Data records section start

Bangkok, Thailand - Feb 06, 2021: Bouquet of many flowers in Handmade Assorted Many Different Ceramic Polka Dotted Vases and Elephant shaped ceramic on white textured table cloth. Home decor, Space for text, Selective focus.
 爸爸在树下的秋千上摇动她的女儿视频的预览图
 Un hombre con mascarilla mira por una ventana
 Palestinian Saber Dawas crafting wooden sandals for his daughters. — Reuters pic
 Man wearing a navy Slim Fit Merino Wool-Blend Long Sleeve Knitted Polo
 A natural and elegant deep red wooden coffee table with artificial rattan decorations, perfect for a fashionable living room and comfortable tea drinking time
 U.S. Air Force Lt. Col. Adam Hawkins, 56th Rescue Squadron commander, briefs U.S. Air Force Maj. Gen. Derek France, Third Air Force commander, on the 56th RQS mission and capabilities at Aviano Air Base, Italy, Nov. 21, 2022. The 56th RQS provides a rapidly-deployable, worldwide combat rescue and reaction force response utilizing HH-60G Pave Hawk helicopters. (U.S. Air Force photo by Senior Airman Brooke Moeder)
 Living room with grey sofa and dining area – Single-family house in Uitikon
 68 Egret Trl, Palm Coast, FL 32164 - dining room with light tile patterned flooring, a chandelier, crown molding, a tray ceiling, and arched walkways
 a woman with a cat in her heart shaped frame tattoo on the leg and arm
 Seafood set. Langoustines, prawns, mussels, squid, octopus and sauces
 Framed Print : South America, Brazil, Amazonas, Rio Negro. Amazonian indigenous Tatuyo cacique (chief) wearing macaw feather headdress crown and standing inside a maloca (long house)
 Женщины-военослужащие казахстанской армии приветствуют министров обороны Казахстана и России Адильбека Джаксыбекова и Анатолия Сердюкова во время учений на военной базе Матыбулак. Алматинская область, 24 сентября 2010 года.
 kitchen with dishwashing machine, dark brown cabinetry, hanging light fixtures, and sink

Data records section end

What to do:
In which lines of the records does the word "shaped" appear? Copy each of them.

Response area:
Bangkok, Thailand - Feb 06, 2021: Bouquet of many flowers in Handmade Assorted Many Different Ceramic Polka Dotted Vases and Elephant shaped ceramic on white textured table cloth. Home decor, Space for text, Selective focus.
 a woman with a cat in her heart shaped frame tattoo on the leg and arm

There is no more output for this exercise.